The Australian Centre thanks Ashley Anderson for the careful and considerate revision of provided captions

Webinar summary and key themes

This webinar is the seventh and final in the Australian Centre's 2022 Critical Public Conversations series:  Undoing Australia.

In this talk Professor Bruyneel will discuss the chronic displacement of Indigeneity in the politics and discourse around race in American political theory and culture, arguing that the ongoing influence of settler-colonialism has undermined efforts to understand Indigenous politics while also hindering conversation around race itself.

The talk will center on an important era and text - the late 19th Century Reconstruction Era in the United States and W.E.B. Du Bois’ canonical text Black Reconstruction in America – and in so doing discuss the role of the political memory of reconstruction in US politics today and how the work of settler memory limits the possibilities for how this memory can be mobilized. In so doing, Bruyneel speaks to the power of settler memory at work in the persistent disavowal of Indigeneity and its relationship to anti-racist and anti-capitalist critiques and effort to imagine and build a better world. In so doing, Bruyneel will discuss how Indigenous and Black intellectuals have understood ties between racism and white settler memory, even as the settler dimensions of whiteness are frequently erased in our discourse about race, whether in conflicts over Indian mascotry or the white nationalist underpinnings of Trumpism.

PRESENTER:

Kevin Bruyneel is Professor of Politics at Babson College. He is the author of Settler Memory: The Disavowal of Indigeneity and the Politics of Race in the United States, published in the Critical Indigeneities Series of the University of North Carolina Press in 2021. He presently writes on the relationship between race, colonialism, collective memory, and racial capitalism. He has published articles in History & Memory, Settler Colonial Studies, Native American and Indigenous Studies Journal, and The Journal of French and Francophone Philosophy. His first book was The Third Space of Sovereignty: The Postcolonial Politics of U.S.-Indigenous Relations. He is of settler ancestry, born and raised in Vancouver, British Columbia, the traditional territories of the Musqueam, Squamish and Tsleil-Waututh Nations. Bruyneel completed his B.A. at Simon Fraser University, and his M.A. and Ph.D. at the New School for Social Research in New York City. At Babson College, Bruyneel teaching courses in Political Theory, American Politics, Critical Race Studies, Indigenous Studies, and Radical Politics.

Host:

Professor Sarah Maddison is Professor of Politics in the School of Social and Political Sciences, and Director of the Australian Centre.
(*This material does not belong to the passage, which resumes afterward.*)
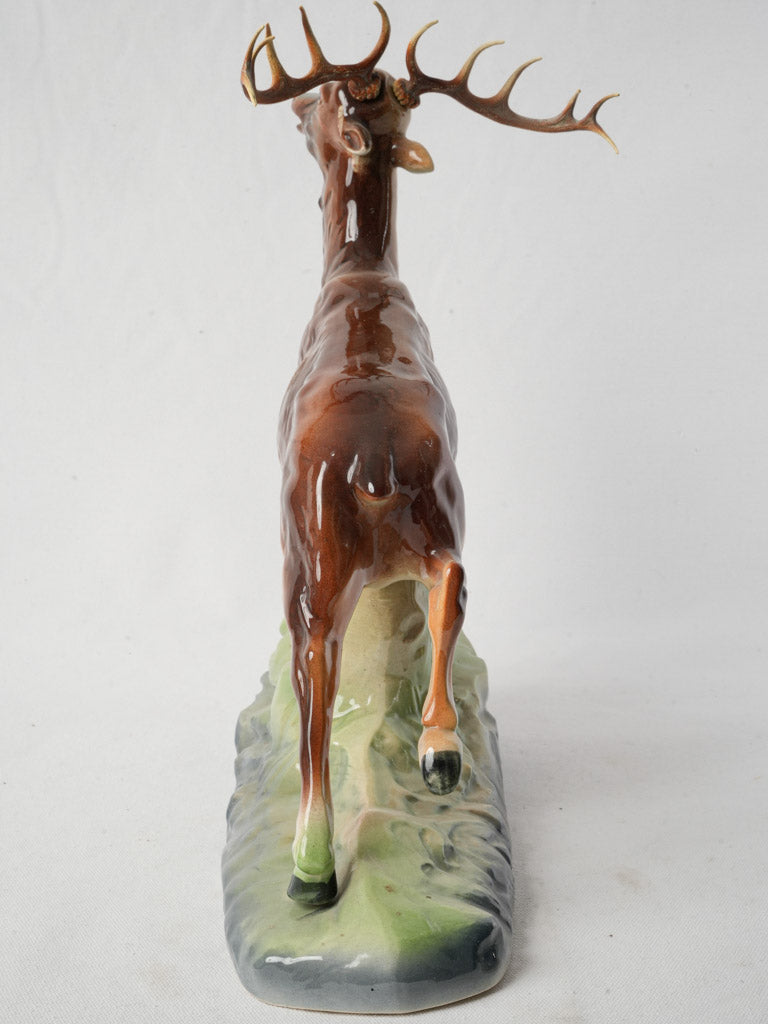 Elegant chestnut-hued decor piece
She is particularly interested in work that helps reconceptualise political relationships between Aboriginal and Torres Strait Islander peoples and the Australian settler state, including critical examinations of a range of relevant public policies. Her recent work has focused on the treaty process in Victoria, and she is currently working with the Australian Centre’s Deputy Director, Julia Hurst, exploring the role of truth-telling in treaty making. Sarah has also designed the Professional Certificate in Treaty, which includes the Preparing for Treaty series of Melbourne MicroCerts.
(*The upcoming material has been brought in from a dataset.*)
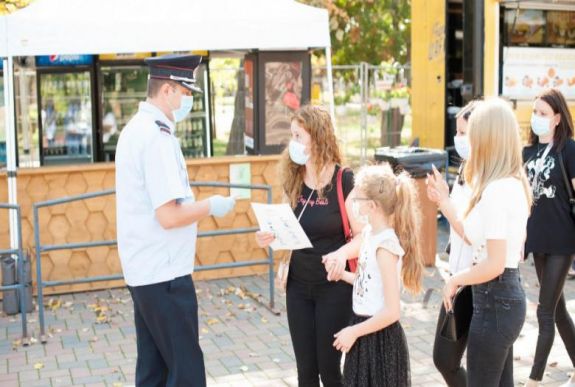 Tilos maszk nélkül megközelíteni az iskolákat egy romániai városban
Sarah has published widely in international journals and is the author or editor of nine books including, most recently, The Colonial Fantasy: Why white Australia can’t solve black problems (2019). Her other books in the field include The Limits of Settler Colonial Reconciliation (2016), Conflict Transformation and Reconciliation (2015), Beyond White Guilt (2011), Unsettling the Settler State (2011), and Black Politics (2009). Sarah has led numerous research projects and was an Australian Research Council Future Fellow for 2011-14, undertaking a project that examined reconciliation in Australia, South Africa, Northern Ireland, and Guatemala. Her current ARC project is exploring intersections in Indigenous and settler governance regimes.

The presenter has granted permission for this recording to be used for personal viewing and educational purposes.